A canonical isomorphism is a canonical map that is also an isomorphism (that is, invertible). In some contexts, it might be necessary to address an issue of choices of canonical maps or canonical isomorphisms; for a typical example, see prestack.

==Examples==
- If N is a normal subgroup of a group G, then there is a canonical surjective group homomorphism from G to the quotient group G / N, that sends an element g to the coset determined by g.
- If I is an ideal of a ring R, then there is a canonical surjective ring homomorphism from R onto the quotient ring R / I that sends an element r to its coset I + r.
- If S is a multiplicative set in commutative ring R, then there is a canonical ring homomorphism from R to the localization S^{−1}R that sends element r to r/1 in the localization.

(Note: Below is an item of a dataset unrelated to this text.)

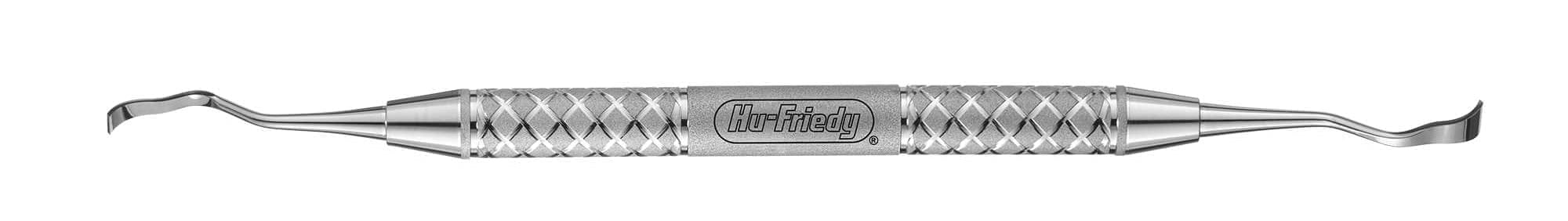 The Hu-Friedy 13K/13KL Surgical Chisels are stainless steel periodontal tools with a textured grip and curved scrapers on both ends, featuring the Hu-Friedy brand engraved in the center.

- If R_{f} is the localization of commutative ring R by S = {1, f, f^{ 2}, f^{ 3}, ...}, and R_{p} is the localization of R by S = R \ p, where p is a prime ideal such that f ∉ p, there is a canonical ring homomorphism α : R_{f} → R_{p} mapping a/f^{ n} as an element of R_{f} to a/f^{ n} as an element of R_{p}. If φ is the canonical map R → R_{p} and ψ is the canonical map R → R_{f}, then α is the unique map such that φ = α ∘ ψ.
- If V is a finite-dimenstional vector space, then there is a canonical map from V to the second dual space of V, that sends a vector v to the linear functional f_{v} defined by f_{v}(λ) = λ(v).
- If f: R → S is a homomorphism between commutative rings, then S can be viewed as an algebra over R. The ring homomorphism f is then called the structure map (for the algebra structure). The corresponding map on the prime spectra f^{ *}: Spec(S) → Spec(R) is also called the structure map. More generally, a scheme X over a scheme S is one equipped with a structure morphism X → S; for a scheme over a field k (e.g., a variety), this is a morphism X → Spec(k).
- If E is a vector bundle over a topological space X, then the projection map from E to X is the structure map.
- In topology, a canonical map is a function f mapping a set X → X / R (X mod R), where R is an equivalence relation on X, that takes each x in X to the equivalence class [x] mod R.